Continuous nocturnal gastric drip feeding: Providing a constant supply of glucose overnight to prevent hypoglycemia.
Allopurinol: To reduce uric acid levels.
Statins/Fibrates: To manage hyperlipidemia.
Granulocyte colony-stimulating factor (G-CSF): For GSD Ib patients with neutropenia (low white blood cell count).
Kidney and/or Liver transplant: In severe cases with complications, transplantation may be considered.
Is Communicable
No, Glycogen storage disease type I (Von Gierke) is not communicable. It is a genetic disorder and cannot be spread from person to person.
Precautions
Precautions for individuals with GSD I and their caregivers include:
Strict adherence to dietary plan: Meticulously follow the prescribed diet to maintain blood glucose levels.
Regular blood glucose monitoring: Frequent monitoring of blood glucose levels is essential.
Emergency glucagon kit: Have a glucagon kit available for emergency treatment of severe hypoglycemia.
Avoiding fasting: Patients should never fast for prolonged periods.
Managing infections promptly: Infections can worsen metabolic abnormalities.
Regular medical check-ups: Regular visits to a metabolic specialist are crucial.
Genetic counseling: For families with a history of GSD I.
How long does an outbreak last?
GSD I is not an infectious disease and does not involve outbreaks. It is a chronic, lifelong condition that requires continuous management. Hypoglycemic episodes can occur acutely if the dietary plan is not followed.
How is it diagnosed?
Diagnosis typically involves:
Newborn Screening: Some states include GSD I in their newborn screening programs, which can detect the disease early.

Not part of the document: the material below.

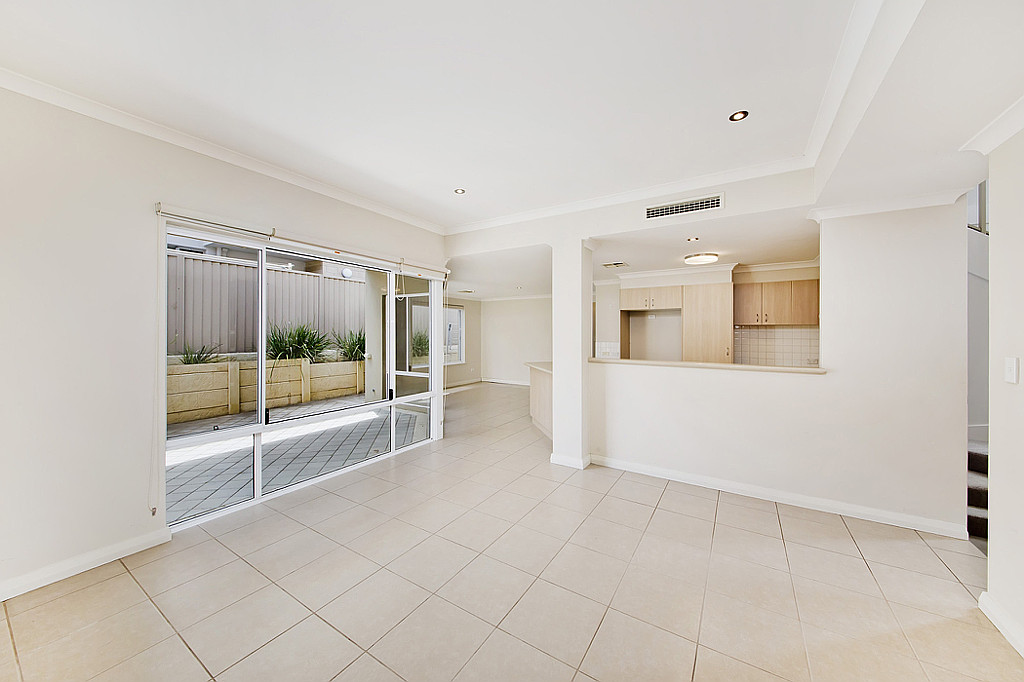 12D Hill Street, Innaloo WA, Innaloo - Thumbnail 5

Physical Examination and History: Evaluation of symptoms and family history.
Blood Tests: Measurement of blood glucose, lactate, uric acid, triglycerides, and liver enzymes.
Enzyme Assay: Measurement of glucose-6-phosphatase activity in a liver biopsy sample.
Genetic Testing: DNA analysis to identify mutations in the G6PC or *SLC37A4* genes.
Liver Biopsy: To examine liver tissue for glycogen accumulation and to measure enzyme activity.
Timeline of Symptoms
Infancy: Symptoms often manifest in infancy, typically within the first few months of life, with hypoglycemia, hepatomegaly, and lactic acidosis.
Childhood: Growth retardation and delayed puberty become apparent. Hyperlipidemia and hyperuricemia may develop.
Adulthood: If not properly managed, complications such as hepatic adenomas, kidney disease, pulmonary hypertension, and gout can occur.
Important Considerations
Early diagnosis and management are crucial to prevent complications and improve long-term outcomes.
Lifelong adherence to a strict dietary regimen is essential.
Regular monitoring by a metabolic specialist is necessary to adjust treatment as needed.
Patient education and support are vital for successful disease management.
Genetic counseling is recommended for families with a history of GSD I to assess recurrence risk and provide information about reproductive options.
Emerging therapies such as gene therapy are being investigated as potential future treatments.